Content starts

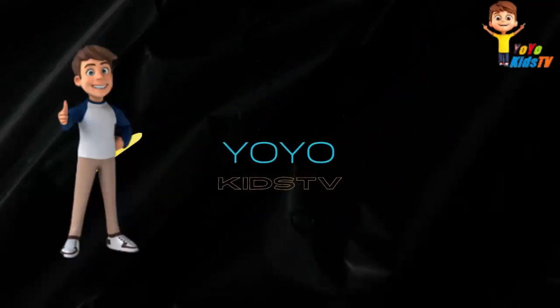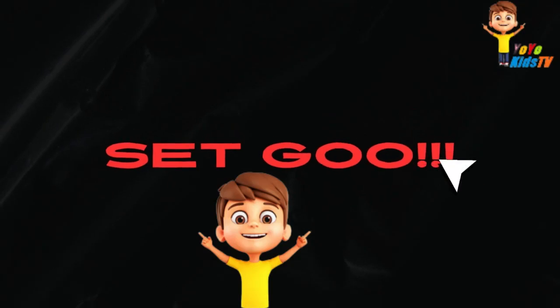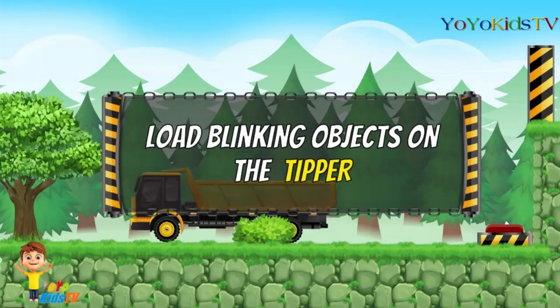YoYoKids TV. Ready, Set Go. Load drinking objects on the tipper.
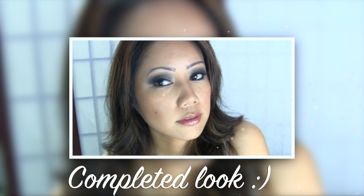And here is the completed look. I hope you guys enjoyed this navy and taupe tutorial. Please don't forget to check out my friends' tutorials — I'll have the links at the end of this video and down below in the description box. Thank you so much for watching!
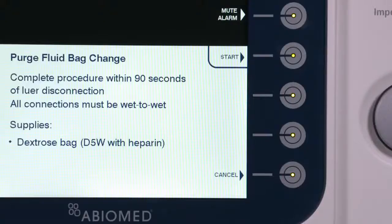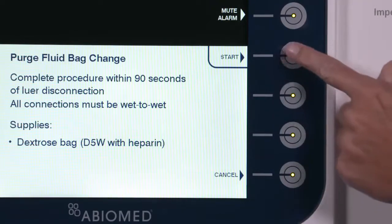This procedure should be completed within 90 seconds. The supplies needed to complete this procedure include a bag of dextrose 5% in water with heparin. Press Start to begin the procedure.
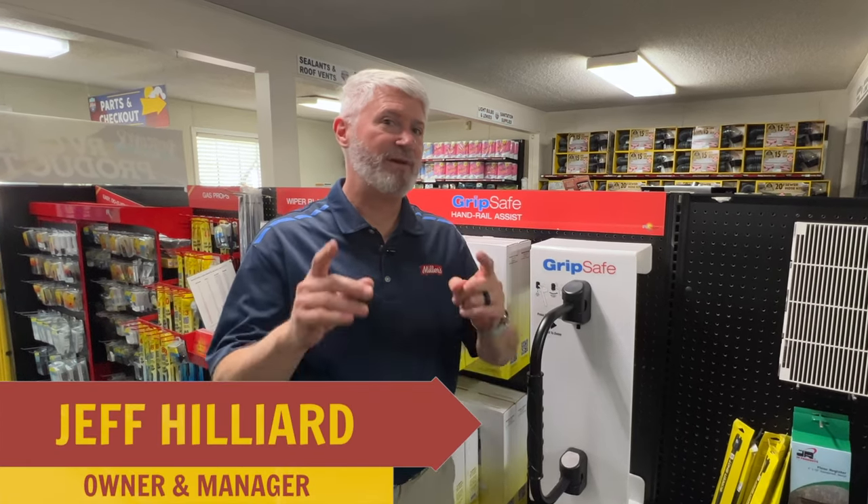Hey, this is Jeff at Miller's RV and I'm here to show you some things new, but might not look new, but really is new.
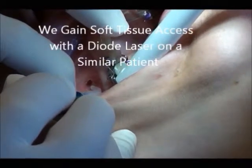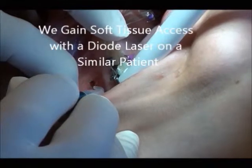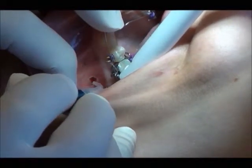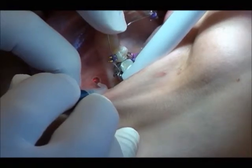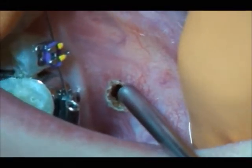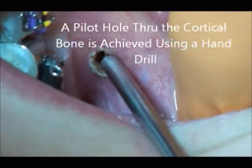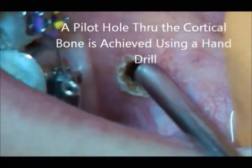We gain soft tissue access with a dialed laser on a similar patient. A pilot hole through the cortical bone is achieved using a hand drill.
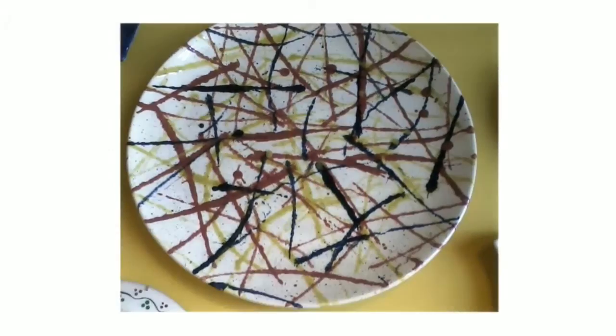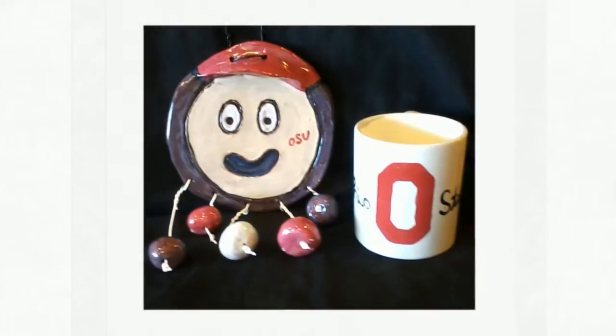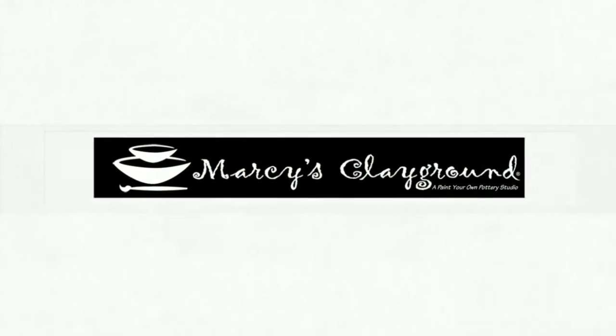The special glaze you use when creating your functional piece gives you the perfect marriage of a creative design and practicality. Enjoy a great time with family and friends all while taking home a beautiful ceramic piece at Marcy's Clay Ground.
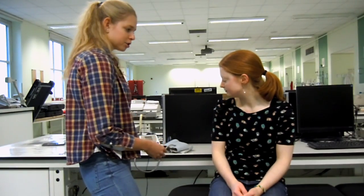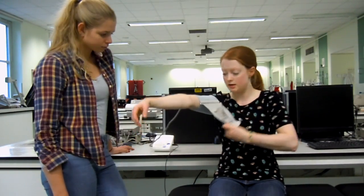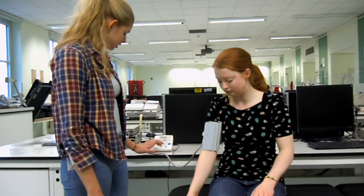The second part is blood pressure. Take the cuff, slide it onto your arm just a little bit above the elbow, and pull it tight so it's nice and secure. You're going to click the on button and then press the go button. Just remember to keep relaxed.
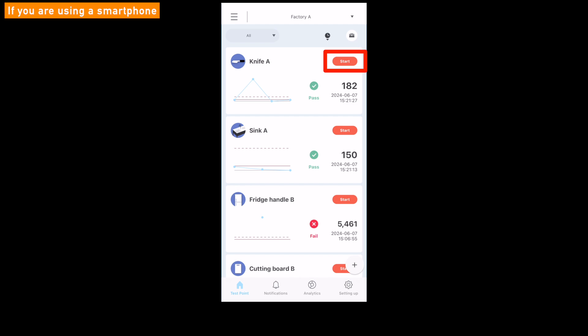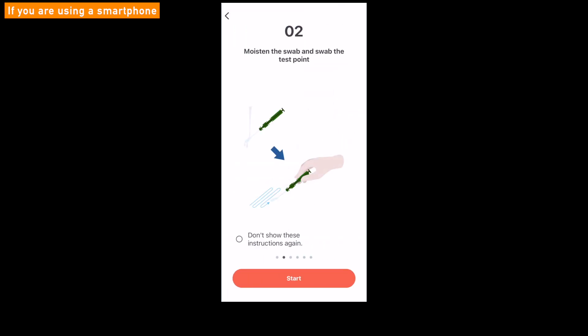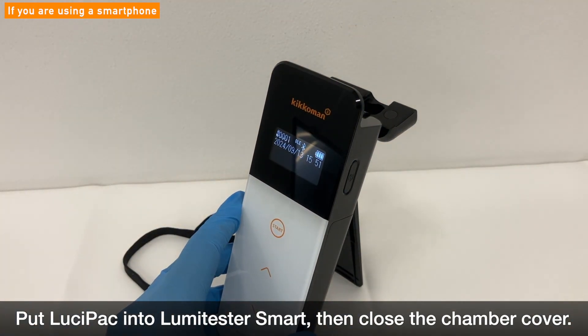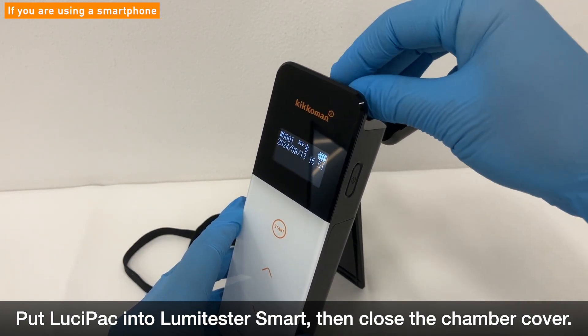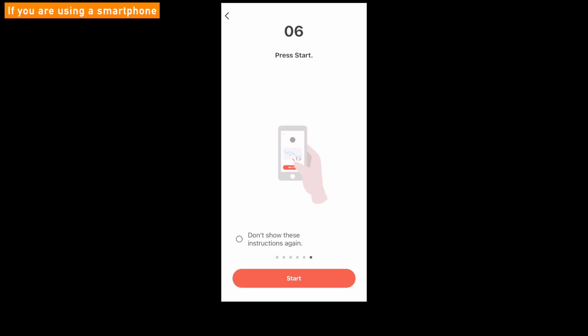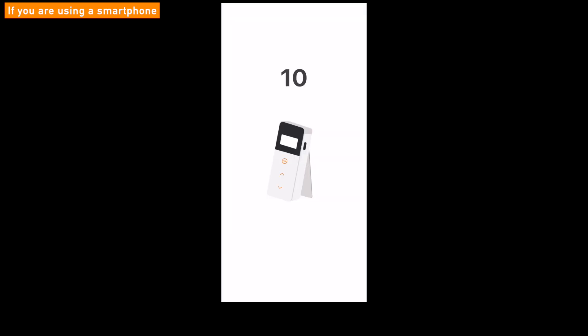Tap the red Start button to begin a test. A simple introduction about how to make a test with Lumetester smart and Lucipac will be displayed on the screen. Follow the instructions and insert the Lucipac into the Lumetester smart. After inserting the Lucipac and closing the measurement chamber cover, tap the Start button one more time to start testing. A judgment based on the benchmark value 1 and 2 will be displayed on the screen.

Content ends

All records above are to be output verbatim, with their pictures omitted.

■ SOLUTION TO THIS PROBLEM
YoYoKids TV. Ready, Set Go. Load drinking objects on the tipper.
And here is the completed look. I hope you guys enjoyed this navy and taupe tutorial. Please don't forget to check out my friends' tutorials — I'll have the links at the end of this video and down below in the description box. Thank you so much for watching!
This procedure should be completed within 90 seconds. The supplies needed to complete this procedure include a bag of dextrose 5% in water with heparin. Press Start to begin the procedure.
Hey, this is Jeff at Miller's RV and I'm here to show you some things new, but might not look new, but really is new.
We gain soft tissue access with a dialed laser on a similar patient. A pilot hole through the cortical bone is achieved using a hand drill.
The special glaze you use when creating your functional piece gives you the perfect marriage of a creative design and practicality. Enjoy a great time with family and friends all while taking home a beautiful ceramic piece at Marcy's Clay Ground.
The second part is blood pressure. Take the cuff, slide it onto your arm just a little bit above the elbow, and pull it tight so it's nice and secure. You're going to click the on button and then press the go button. Just remember to keep relaxed.
Tap the red Start button to begin a test. A simple introduction about how to make a test with Lumetester smart and Lucipac will be displayed on the screen. Follow the instructions and insert the Lucipac into the Lumetester smart. After inserting the Lucipac and closing the measurement chamber cover, tap the Start button one more time to start testing. A judgment based on the benchmark value 1 and 2 will be displayed on the screen.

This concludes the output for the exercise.